College is a thrilling gateway into adulthood and freedom, a means of declaring one’s independence, and a shot at reinvention and discovery. Yes, a new school year comes complete with the promise of new experiences, new opportunities, new friendships, and new loves. But what if those “new” experiences aren’t “new” at all? What if the college experience—and, indeed the entire adult experience—is as formulaic and predictable as a YA novel or a rom-com? Those are the questions posed in The College Girl, a deadpan, aggressively normal feature-length satire from Milwaukee director Jon Salimes.
Shot mostly in and around Marquette University, The College Girl follows the journey of Jane (Katie Hamilton), a first-year writing student who makes the move from “up north” to the big city. Awkward friendships, awkward relationships, awkward classes, awkward calls to mom and dad, lame parties, nightmare internships, and—gasp—taking the bus are just a few of the rites of passage Jane faces with a weary and aloof resolve. “You’re my second contact, right after my parents,” Jane tells a would-be-suitor after exchanging numbers.

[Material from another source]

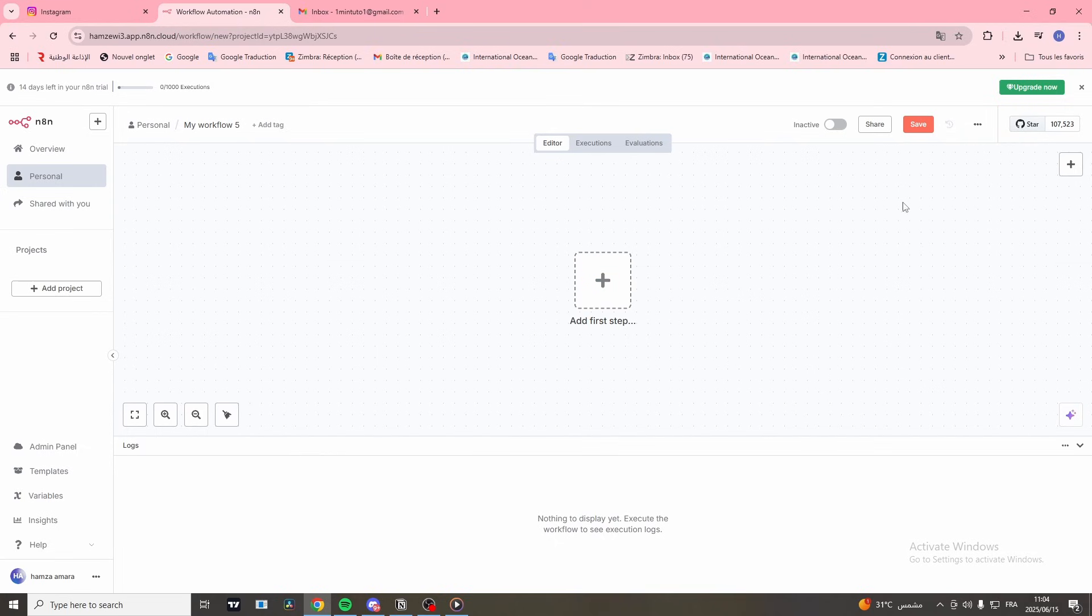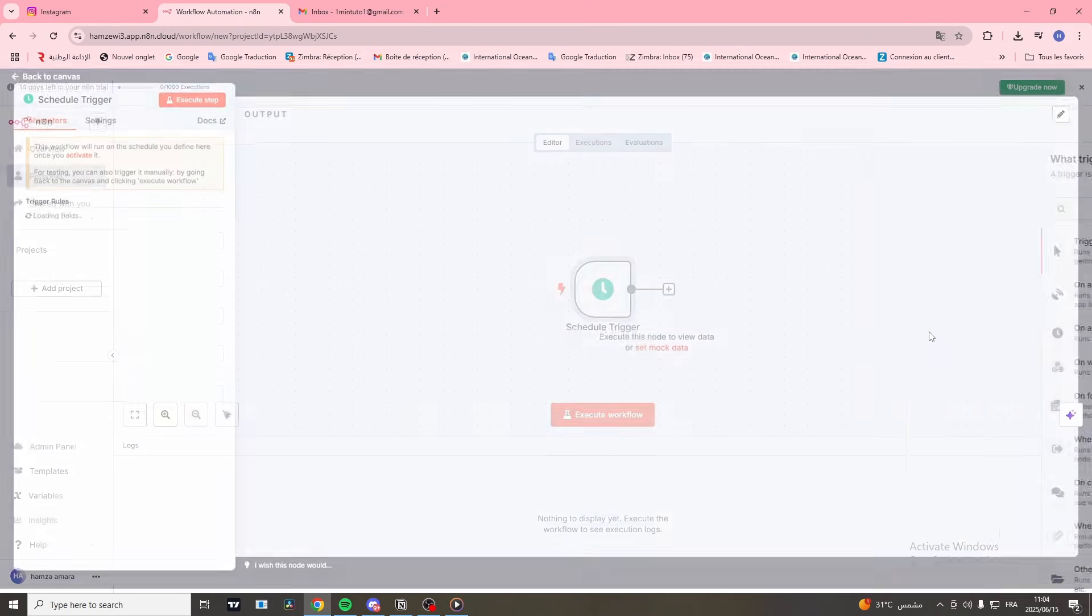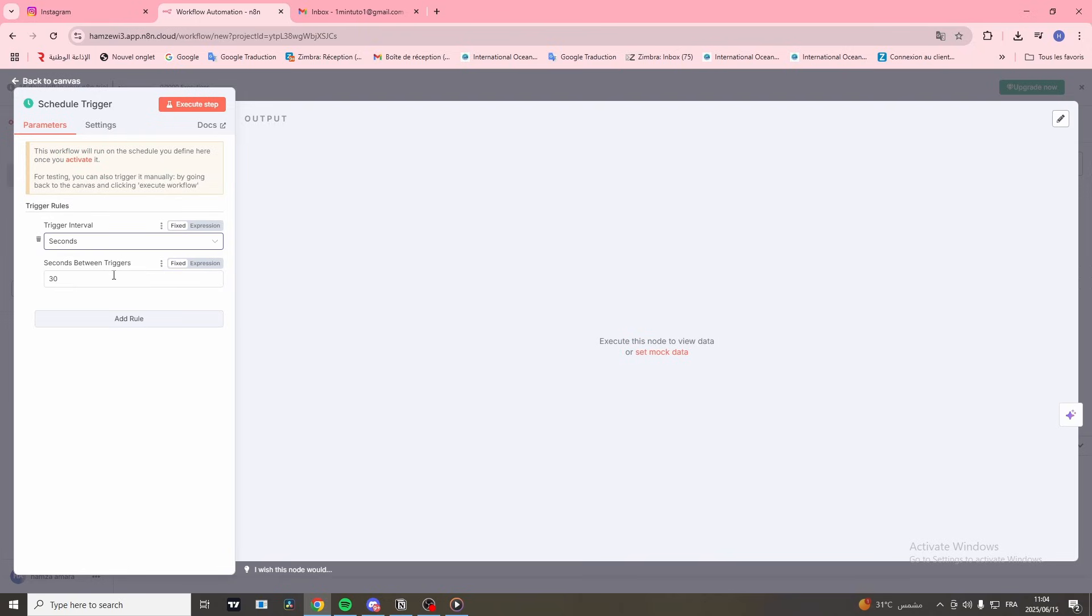First things first, open the node panel. Click on Schedule Trigger and set the trigger interval to seconds.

The College Girl’s slow, methodical, and sometimes snail-pace storytelling, along with its bone-dry sense of satire, isn’t for everyone, though fans of Jim Jarmusch and Stranger Than Paradise will find plenty to like here. Salimes uses his small budget to his advantage, setting his scenes in empty hallways, sparsely populated bars, and dispiritingly bland classrooms. If anything, the chance to see preeminent Milwaukee experimental musician Jon Mueller play an oblivious creative writing instructor is worth the film’s runtime alone. (Mueller isn’t the only Milwaukee musician to make an appearance, though revealing another would spoil the surprisingly sweet and hopeful ending.)